Der Spitzendiplomat und neue OIIP-Präsident Wolfgang Petritsch über die Folgen des Ukraine-Kriegs für Südosteuropa, Russlands Genozidvorwürfe und sein Déjà-vu aus dem Konflikt in Ex-Jugoslawien.
Die Presse: Sie waren Ende der 1990er-Jahre Vermittler im Kosovo-Konflikt. Wie kann man in einer so prekären Lage wie im Ukraine-Krieg noch erfolgreich nach einer diplomatischen Lösung suchen?

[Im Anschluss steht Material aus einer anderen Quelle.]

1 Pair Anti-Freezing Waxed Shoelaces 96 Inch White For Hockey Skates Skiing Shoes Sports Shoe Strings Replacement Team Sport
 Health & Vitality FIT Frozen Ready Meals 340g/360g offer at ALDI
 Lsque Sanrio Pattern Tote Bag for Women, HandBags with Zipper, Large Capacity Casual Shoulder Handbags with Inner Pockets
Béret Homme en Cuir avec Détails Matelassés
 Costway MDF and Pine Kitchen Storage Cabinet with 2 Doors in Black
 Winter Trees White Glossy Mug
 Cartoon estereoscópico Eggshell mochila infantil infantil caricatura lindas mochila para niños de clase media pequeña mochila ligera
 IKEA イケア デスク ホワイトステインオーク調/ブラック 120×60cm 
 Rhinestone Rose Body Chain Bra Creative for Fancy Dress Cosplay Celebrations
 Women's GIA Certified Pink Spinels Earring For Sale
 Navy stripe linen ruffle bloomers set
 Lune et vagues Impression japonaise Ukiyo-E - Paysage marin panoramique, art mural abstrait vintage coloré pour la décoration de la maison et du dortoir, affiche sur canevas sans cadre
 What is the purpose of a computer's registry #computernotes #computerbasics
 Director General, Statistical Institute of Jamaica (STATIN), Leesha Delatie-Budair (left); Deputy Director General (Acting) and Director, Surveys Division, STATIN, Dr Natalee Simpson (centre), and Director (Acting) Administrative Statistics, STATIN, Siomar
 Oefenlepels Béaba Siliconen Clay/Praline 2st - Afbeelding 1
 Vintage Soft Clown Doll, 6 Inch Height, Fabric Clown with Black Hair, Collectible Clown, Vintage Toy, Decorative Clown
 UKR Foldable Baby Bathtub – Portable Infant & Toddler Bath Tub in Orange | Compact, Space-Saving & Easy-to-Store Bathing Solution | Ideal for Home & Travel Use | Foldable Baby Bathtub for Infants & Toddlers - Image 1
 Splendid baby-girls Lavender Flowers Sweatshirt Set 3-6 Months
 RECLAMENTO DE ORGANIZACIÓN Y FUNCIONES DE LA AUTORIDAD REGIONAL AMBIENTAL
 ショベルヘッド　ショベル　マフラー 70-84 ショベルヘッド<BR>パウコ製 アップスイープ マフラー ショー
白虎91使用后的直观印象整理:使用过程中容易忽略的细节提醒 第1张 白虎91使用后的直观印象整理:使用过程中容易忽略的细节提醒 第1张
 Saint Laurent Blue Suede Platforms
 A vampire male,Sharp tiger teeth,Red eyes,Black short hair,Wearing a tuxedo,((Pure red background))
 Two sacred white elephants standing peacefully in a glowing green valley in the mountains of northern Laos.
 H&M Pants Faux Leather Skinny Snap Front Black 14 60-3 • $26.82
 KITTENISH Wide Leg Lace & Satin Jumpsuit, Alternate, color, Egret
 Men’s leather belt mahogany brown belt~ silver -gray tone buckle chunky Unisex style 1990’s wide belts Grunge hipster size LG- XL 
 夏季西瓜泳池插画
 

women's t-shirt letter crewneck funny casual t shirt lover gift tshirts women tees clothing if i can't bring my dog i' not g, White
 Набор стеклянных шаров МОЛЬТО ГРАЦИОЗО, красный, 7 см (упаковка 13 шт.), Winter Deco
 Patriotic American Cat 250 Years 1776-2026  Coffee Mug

Wolfgang Petritsch: Die Gesprächsfäden zu Wladimir Putin dürfen nicht abreißen, auch wenn das vorerst nicht zu Ergebnissen führt. Es müssen alle Ebenen genützt werden – auch die persönliche. Alle, die zu Russlands Präsidenten Wladimir Putin noch einen Draht haben, müssen signalisieren: Wir sind bereit zu reden. Es bedarf auch inhaltlicher Flexibilität. Aber dabei sollte klar sein: Der Westen darf keinesfalls über den Kopf der Ukrainer hinweg entscheiden. Kompromisse dürfen nur von Kiew geschlossen werden. Der ukrainische Präsident Wolodymyr Selenskij zeigt da ohnehin Realismus.